The Mudcat Café TM
Thread #73380   Message #1272103
Posted By: Joe Offer
15-Sep-04 - 03:52 AM
Thread Name: Lyr Req/Add: Nellie Cropsy / Nell Cropsey
Subject: Lyr Add: NELLIE CROPSEY (from McNeil)
Nothing like a good murder ballad to brighten up the day. This ones from McNeil, Southern Folk Ballads.

NELLIE CROPSEY

On the twentieth of November,
A day we all remember well,
A handsome girl was coldly murdered,
Of her story I will tell.

Girls, I pray you all take warning,
Be careful how you trust a man,
For they will pretend they love you,
Then will kill you if they can.

She had scarce passed sixteen summers,
With eyes of blue and sunny curls,
Perfect were each handsome feature,
With red lips shutting over pearls.

One night the lover called to see her,
But they hardly spoke a word,
For they'd had a lover's quarrel,
So the neighbors all had heard.

Three months later, her dear mother,
Glimpsed a speck out on the river,
Oh 'tis my dear Nell I know,
For my dream has told me so.

Soon they brought the body homeward,
Oh how sad it was to see,
Father, mother, sisters, brothers,
Round her bowed upon their knees.

Just behind them stood the lover,
With his cold and hateful smile,
Making light of the dear parents,
Weeping for the darling child.

We all think that Nell's an angel,
Shining brightly as the stars,
As for Jim, the jealous lover
Peeps behind prison bars.

Young man, I pray you to take warning
Be careful what you do and say,
Remember life is very short,
And there's a judgment day.

The book of life it will be brought,
The Judge he will unfold,
And everything that you have done,
Is there wrote down in gold.

Collected by Lucy Maria Cobb from Mrs.

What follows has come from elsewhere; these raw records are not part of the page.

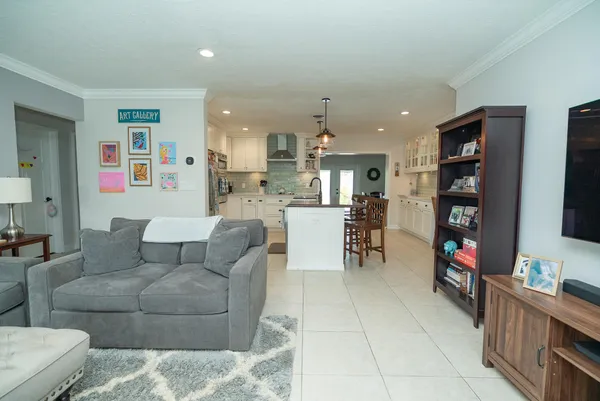 $749,000 | 421 Southeast 4th Terrace, Pompano Beach, FL 33060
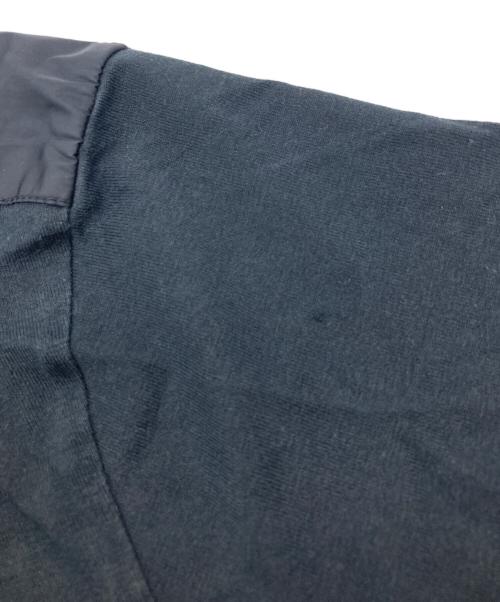 PRADA（プラダ）PRADA (プラダ) Vネックカットソー ブラック サイズ:Mの古着・服飾アイテム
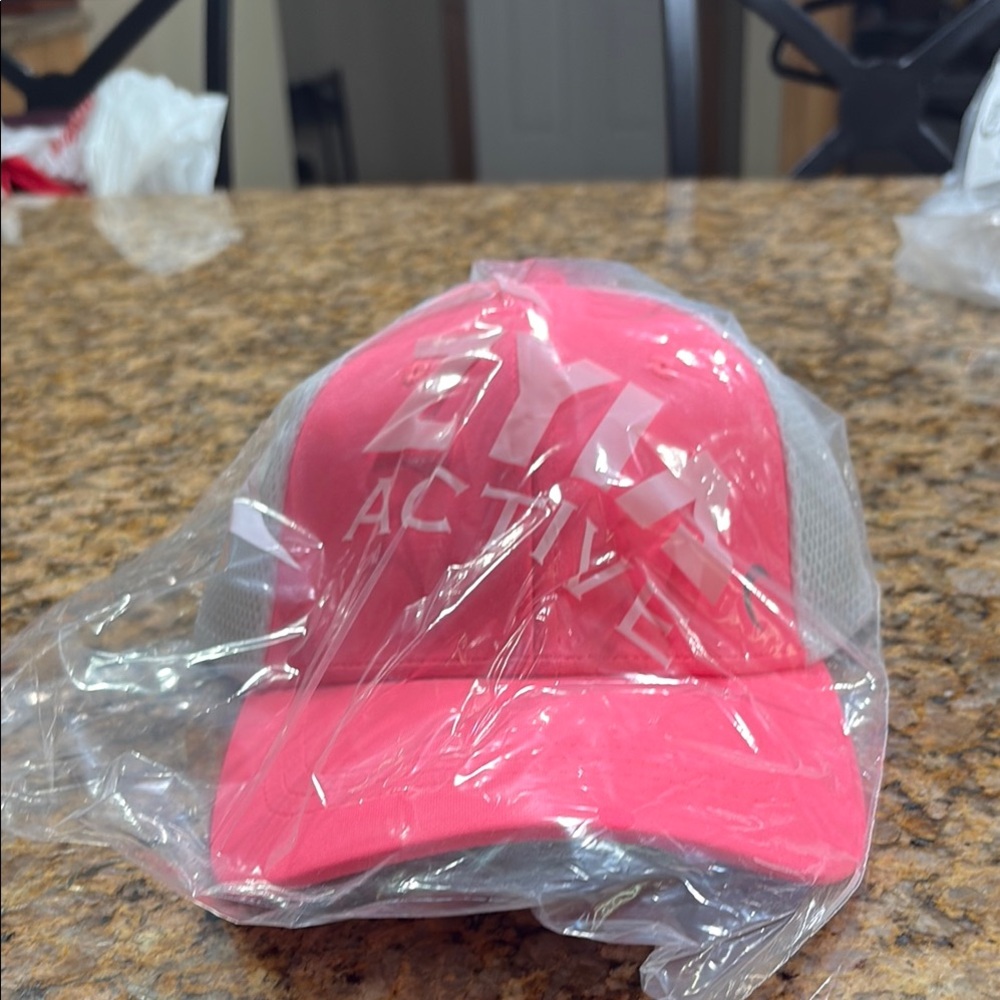 ZYIA Pink and white ponytail Hat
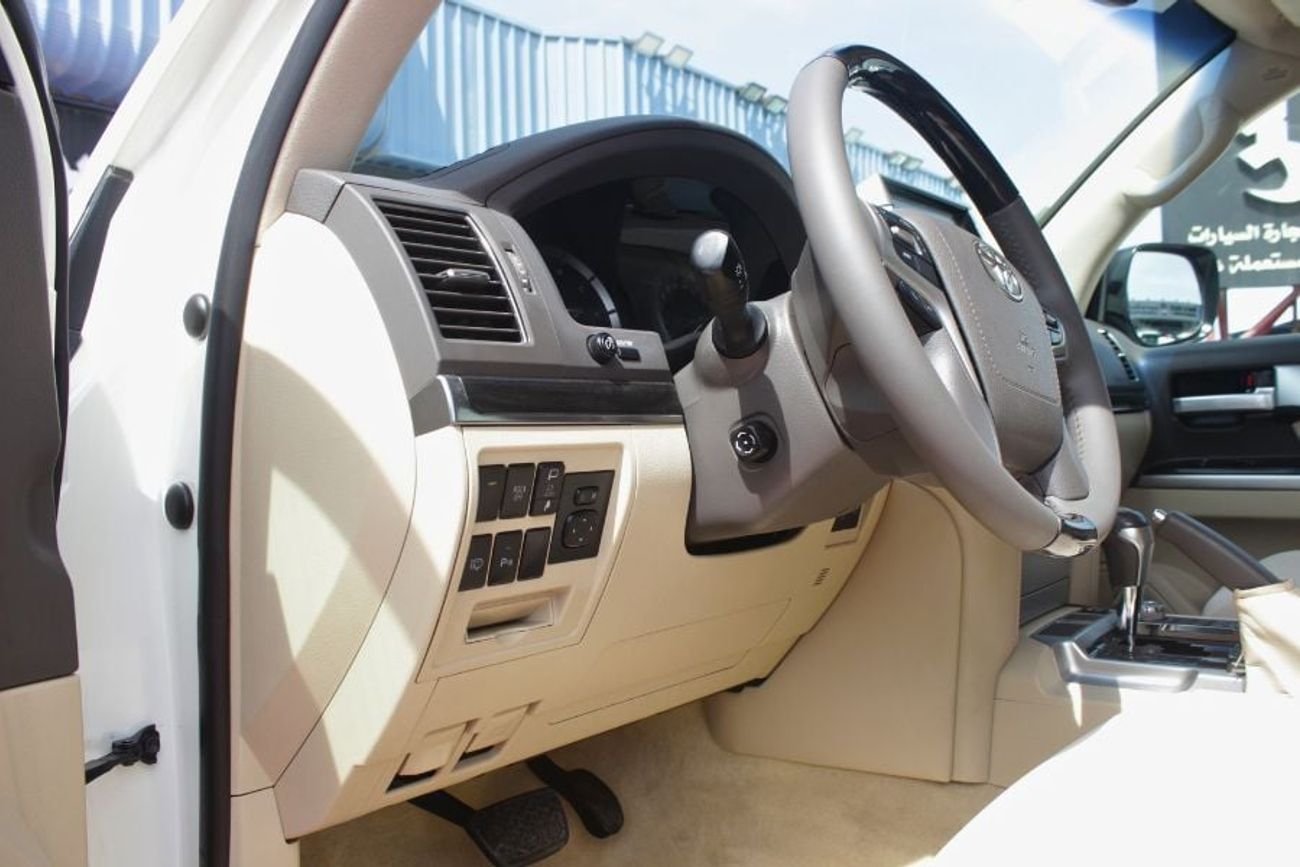 Toyota Land Cruiser VXR 5.7L 4WD,GCC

Bessie Wescott Midgett, Manteo, North Carolina, May 1927.

McNeil says that Lucy Cobb contends that the song was written by Bessie Wescott Midgett in about 1905. Nellie Cropsey was murdered in 1901. The prime suspect was her sweetheart, Jim Wilcox.

McNeil does not include a tune in his book He suggests "The Lexington Miller" may be the tune Midgett used.